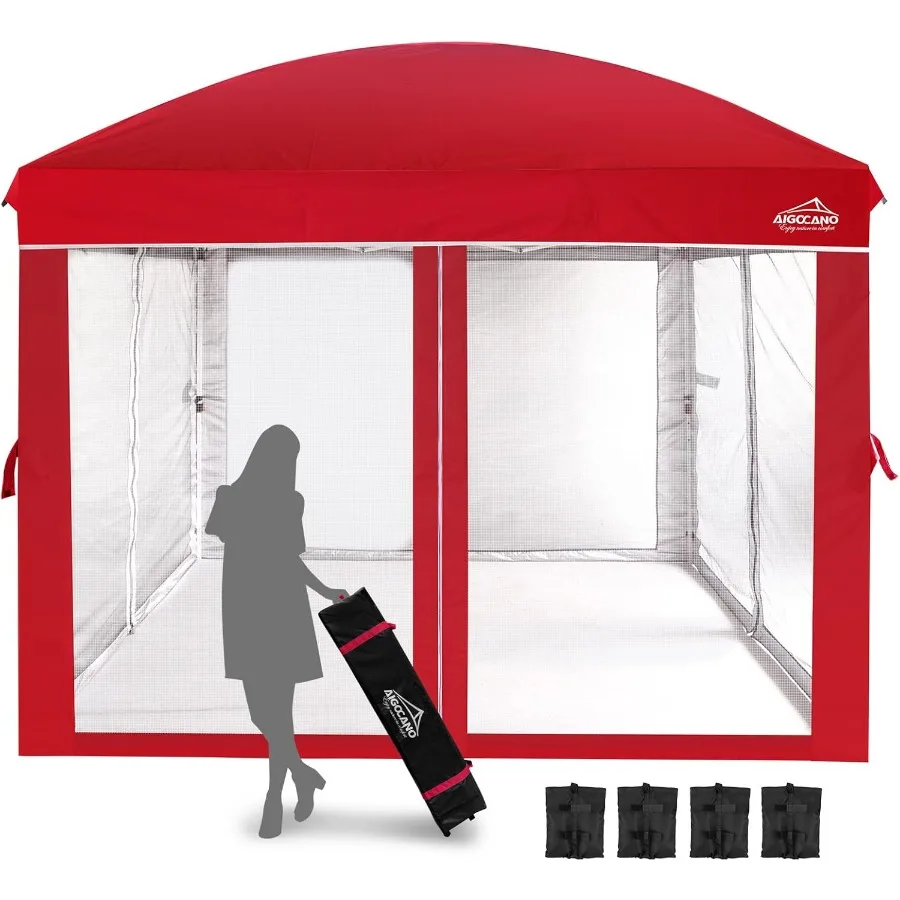 خيمة بمظلة 10 × 10 مع شاشة شبكية للحفلات الخارجية والتخييم، شرفة فناء قابلة للطي سهلة المنبثقة مع حقيبة دوارة و4 ق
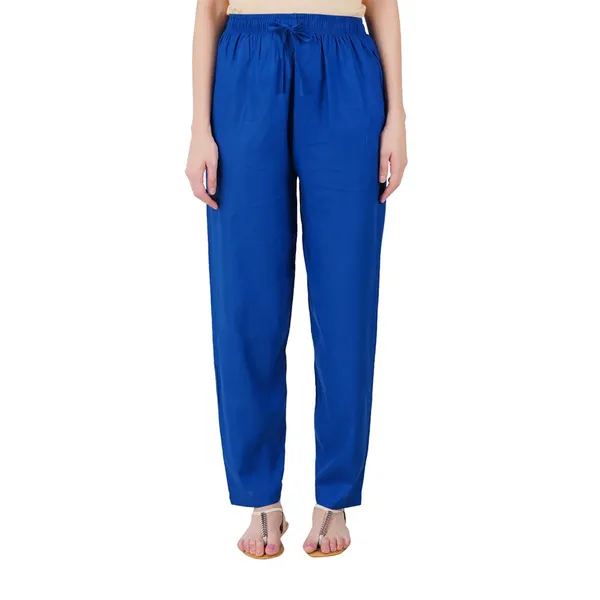 Royal_Blue_Flowy_Rayon_Kurti_Pants_For_Women_Straight_Regular_Fit,_Stylish_Solid_Bottom_Wear_With_Elastic_&_Drawstring,_Side_Pocket,_Casual,_Office,_Party_&_Outdoor_Wear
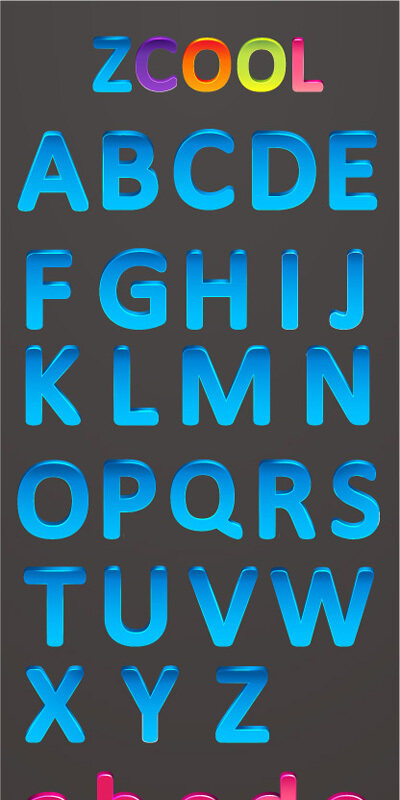 彩色立体字母和数字矢量素材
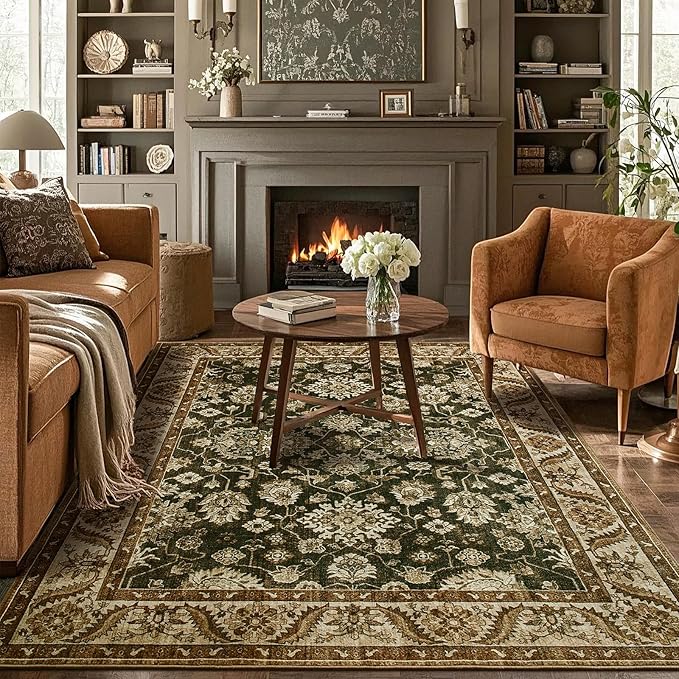 Area Rugs for Living Room, Washable 5x7 Area Rug for Bedroom, Retro Floral by Rtizon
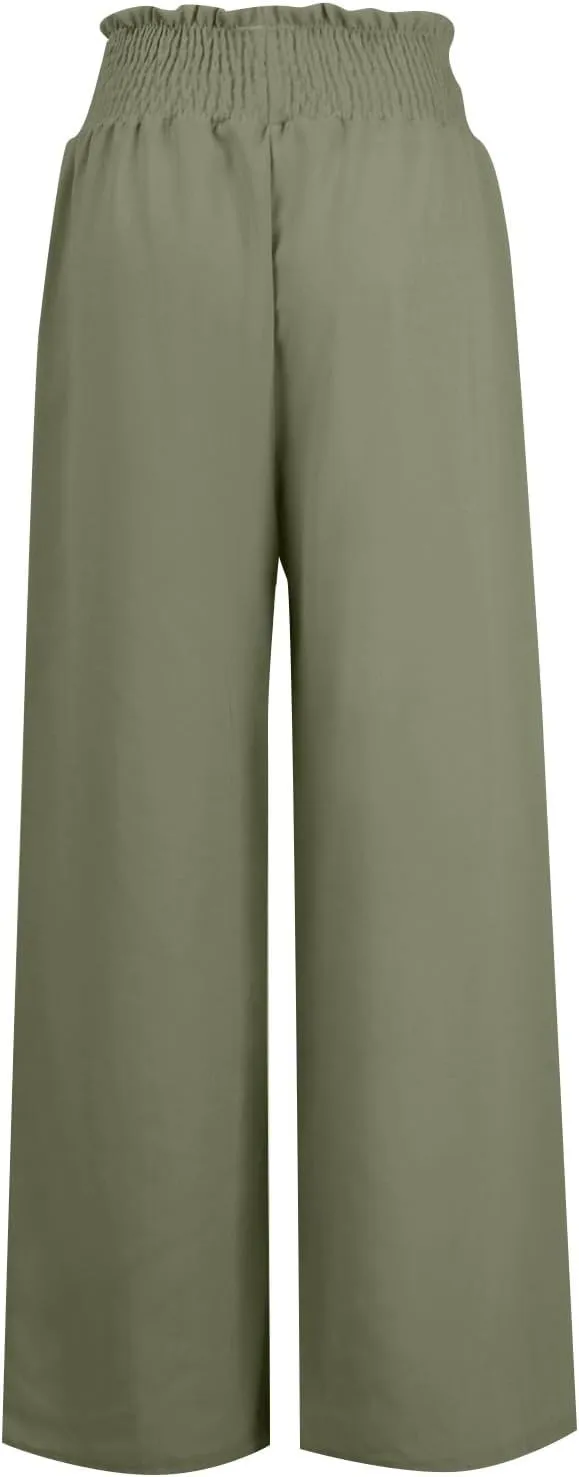 Women's Flowy Linen Pants Casual Wide Leg Pants Comfy Baggy High Waisted Palazzo Pants Beach Pants with Pockets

• [Your objective]: Using the records above, extract exactly and only the lines from the one with "彩色立体字母和数字矢量素材" through the final line, inclusive, leaving out pictures.

• [Response]:
 彩色立体字母和数字矢量素材
 Area Rugs for Living Room, Washable 5x7 Area Rug for Bedroom, Retro Floral by Rtizon
 Women's Flowy Linen Pants Casual Wide Leg Pants Comfy Baggy High Waisted Palazzo Pants Beach Pants with Pockets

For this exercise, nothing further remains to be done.